Parmi les autres plans rendus plus compliqués en image verticale : les plans larges, de groupe. Mais on n’a pas inventé le panoramique pour rien…

La vidéo verticale recèle donc de nombreuses possibilités et il faudra encore du temps et des projets pour affiner notre regard critique sur ce ratio si particulier.

Je vous invite déjà à (re)lire l’étude de cas de Gender Derby que j’ai réalisé il y a quelques temps, sa réalisatrice Camille Ducellier et son producteur Romain Bonnin ont déjà beaucoup de bonnes choses à vous raconter…

Bonnes idées et astuces pour les créateurs de vidéo verticale

Une première bonne idée, déjà maintes fois utilisées dans des créations verticales : l’écran partagé. Un écran vertical (9:16) coupé par la moitié donnera ainsi naissance à deux écrans (presque) carrés.

De quoi jouer avec de multiples possibilités et combinaisons :

Dans ces trois scènes de Gender Derby, vous retrouvez une même action avec deux valeurs de plan (à gauche), deux actions similaires avec deux valeurs de plan (centre) ou encore deux actions différentes (à droite).

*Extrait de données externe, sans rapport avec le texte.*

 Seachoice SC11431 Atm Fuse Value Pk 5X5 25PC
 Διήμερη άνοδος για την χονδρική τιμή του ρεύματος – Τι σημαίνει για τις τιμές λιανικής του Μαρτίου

Mais dites-vous bien que rien ne vous oblige à couper au centre, ni même de façon rectiligne :

A l’instar de l’écran partagé, de nombreuses techniques de réalisation « horizontale » peuvent être transposée, détournée, adaptée, en vertical. Parmi d’autres, l’utilisation de l’espace négatif peut s’avérer particulièrement saisissant :

Il serait bien illusoire de vouloir dresser une liste exhaustive de bonnes idées et techniques mais je pense qu’il est surtout important de rappeler que la création verticale reste largement à défricher.

Il faut donc se lâcher, s’approprier le format, et privilégier une façon de produire « native » : tourner directement en vertical (et non recadrer une image horizontale), monter ses vidéos avec des outils de travail paramétrés pour la vidéo verticale et visualiser en permanence son travail sur un mobile pour bien se rendre compte du résultat final !

Et avec tout ça, il ne nous reste plus qu’à changer le sens que l’on donne aux images.